[Given data]
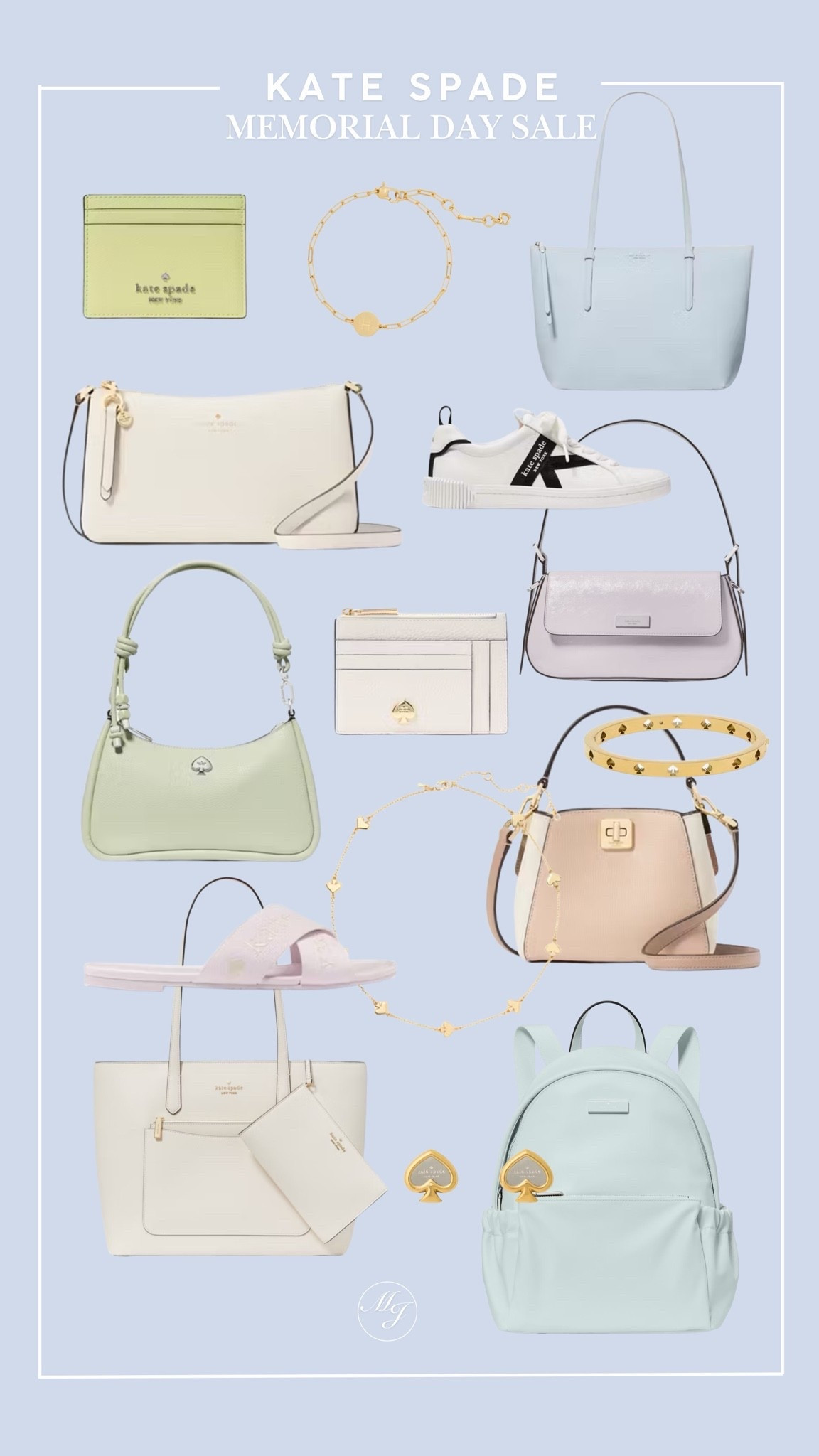 Kate Spade Memorial Day sale is on now! Items are up to 70% off!

#LTKgrwm #LTKSaleAlert #LTKSeasonal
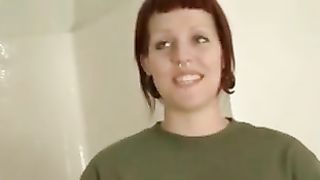 Jane and Ruby pooping in the same spot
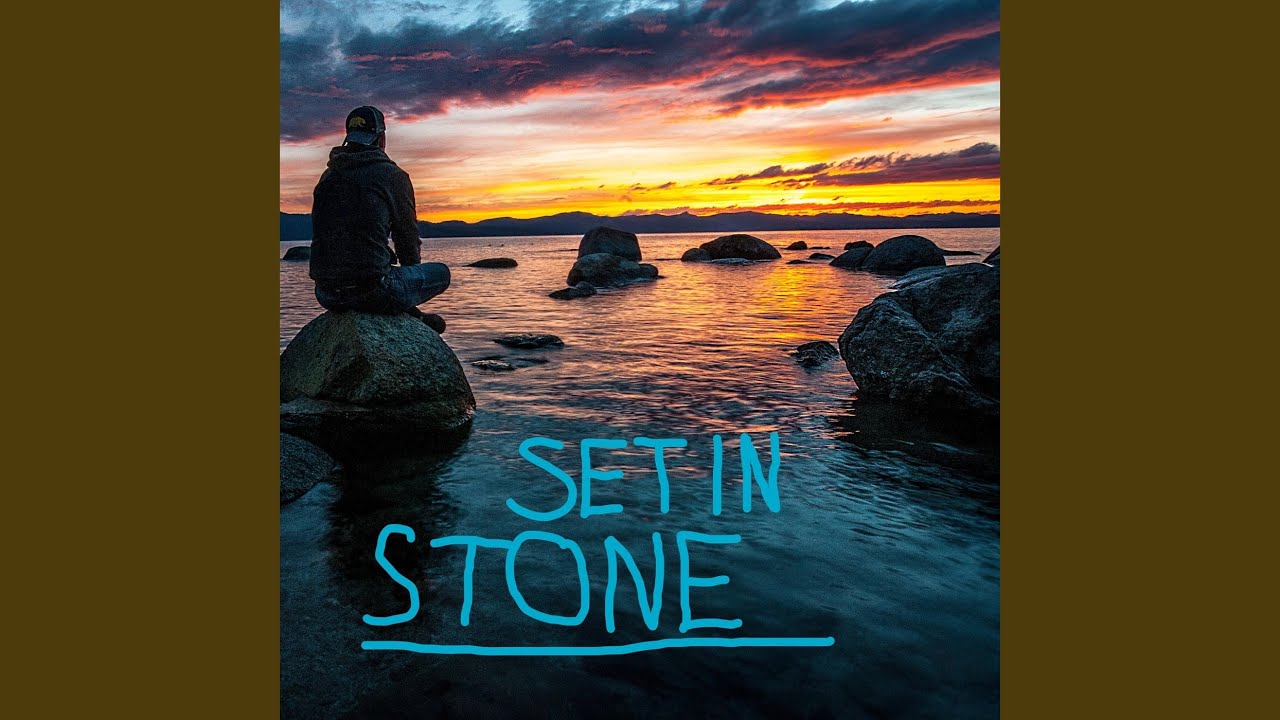Set in Stone (Single)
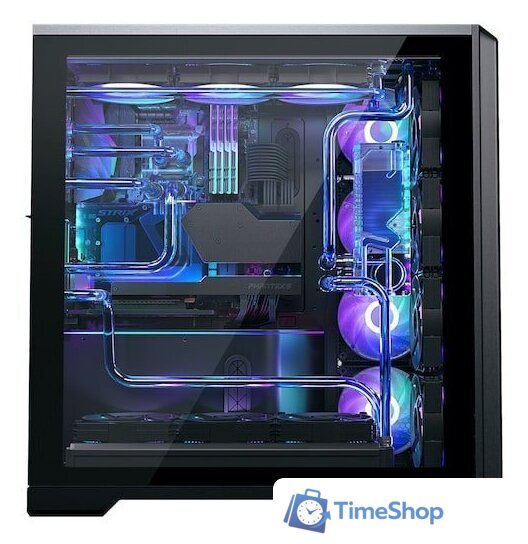 Корпус Phanteks Enthoo Pro 2 Tempered Glass PH-ES620PTG_DBK - Изображение №4 — Интернет-магазин Time-Shop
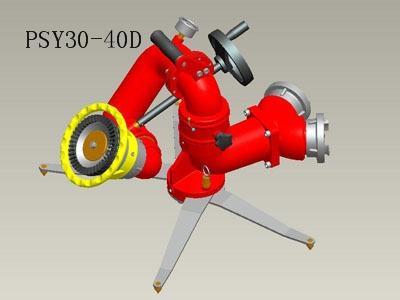 移動式消防水炮圖片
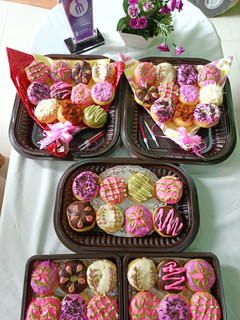Foto resep Donat Menul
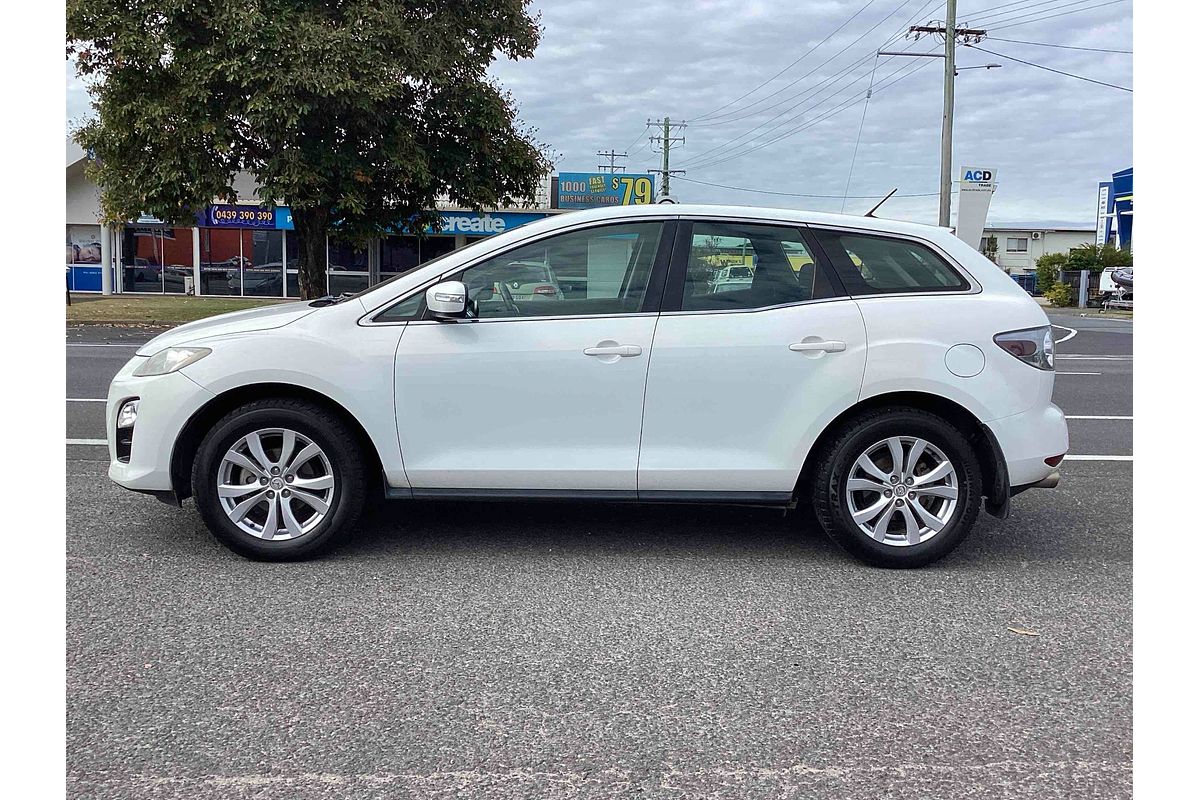 2009 Mazda CX-7 Classic Sports ER Series 2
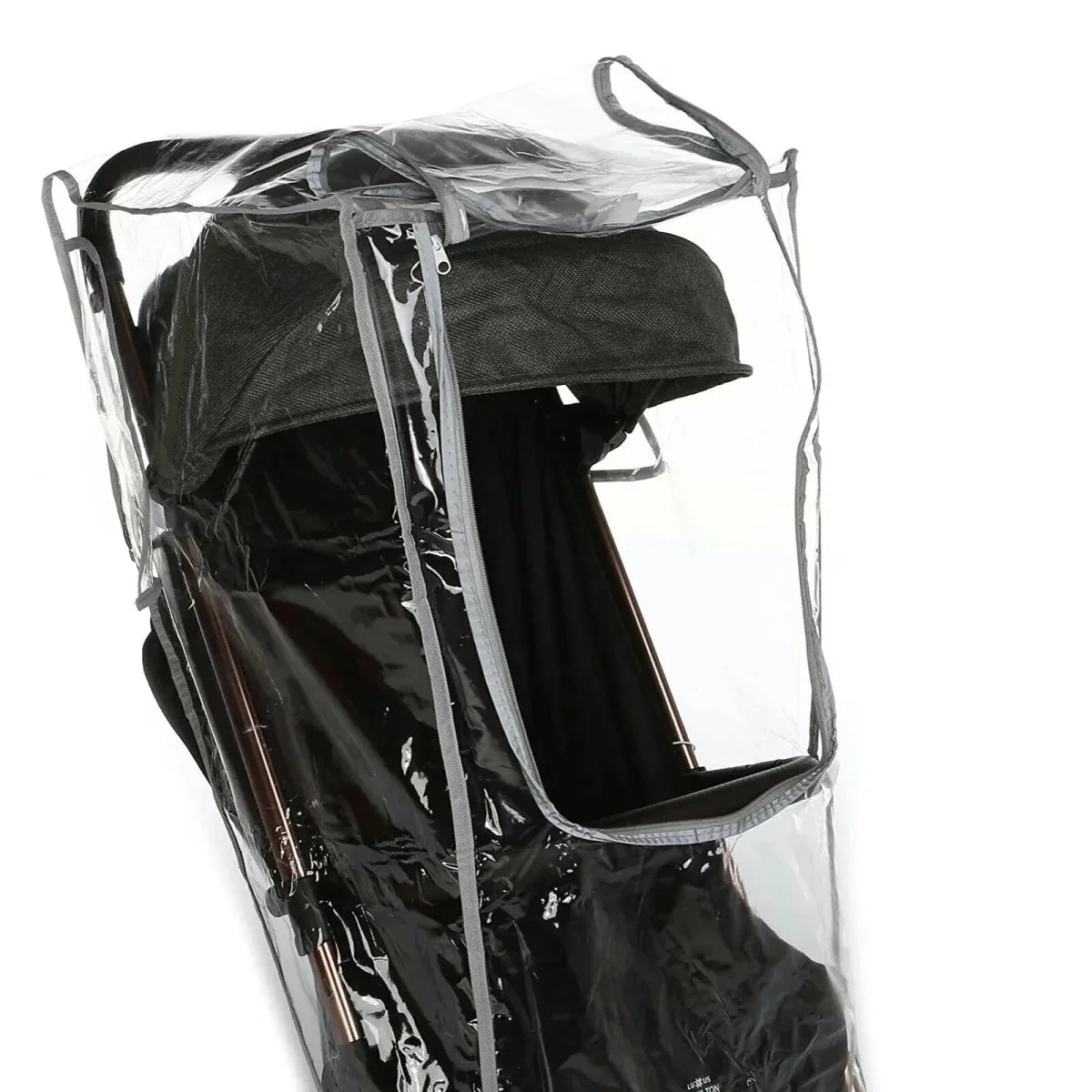 baby plus Travel System Luxury Reflective Raincover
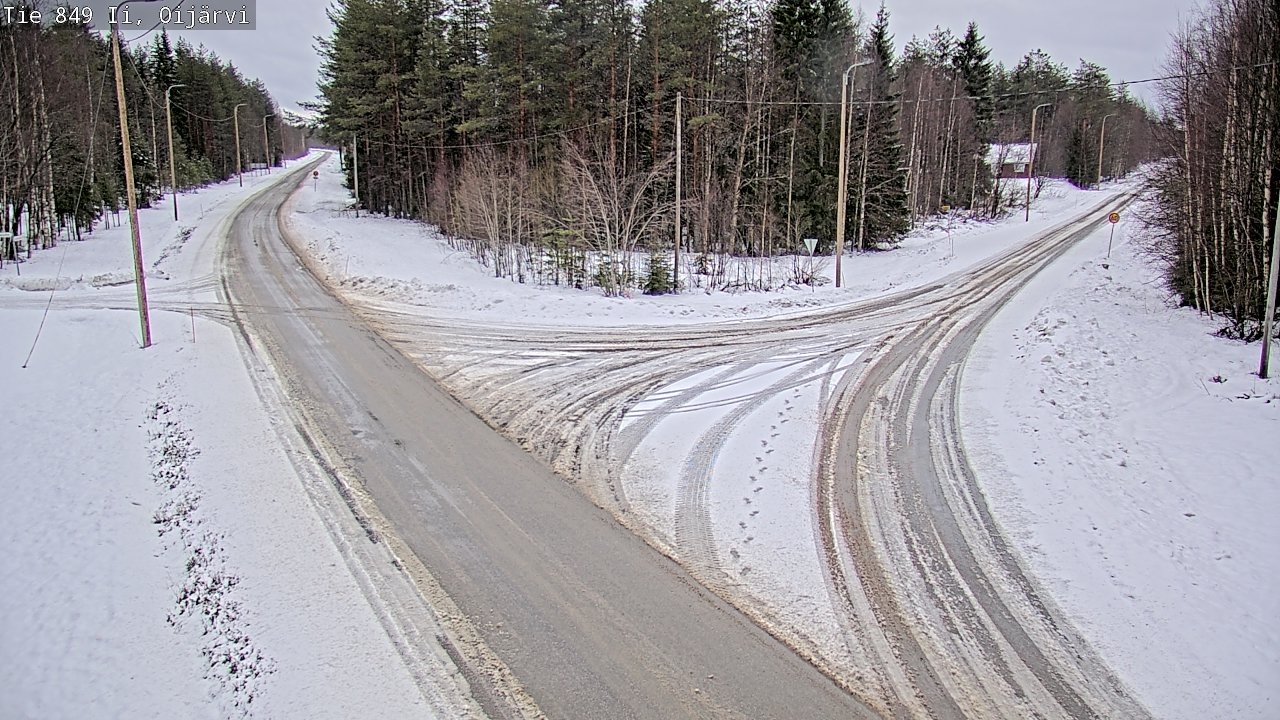 Kelikamerat Kuva st849 Ii Oijärvi, Ii, Pohjois-Pohjanmaa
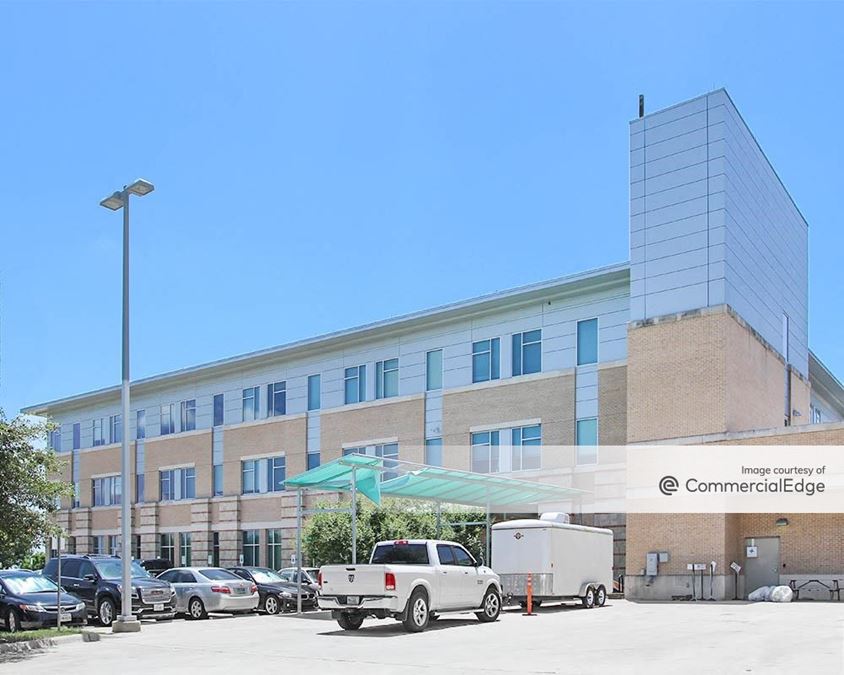 Scott & White Clinic Round Rock 302 University 302 University Blvd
[/Given data]
## Problem description:
All pictures are to be dropped, and the records above returned exactly.

## Task response:
 Kate Spade Memorial Day sale is on now! Items are up to 70% off!

#LTKgrwm #LTKSaleAlert #LTKSeasonal
 Jane and Ruby pooping in the same spot
Set in Stone (Single)
 Корпус Phanteks Enthoo Pro 2 Tempered Glass PH-ES620PTG_DBK - Изображение №4 — Интернет-магазин Time-Shop
 移動式消防水炮圖片
Foto resep Donat Menul
 2009 Mazda CX-7 Classic Sports ER Series 2
 baby plus Travel System Luxury Reflective Raincover
 Kelikamerat Kuva st849 Ii Oijärvi, Ii, Pohjois-Pohjanmaa
 Scott & White Clinic Round Rock 302 University 302 University Blvd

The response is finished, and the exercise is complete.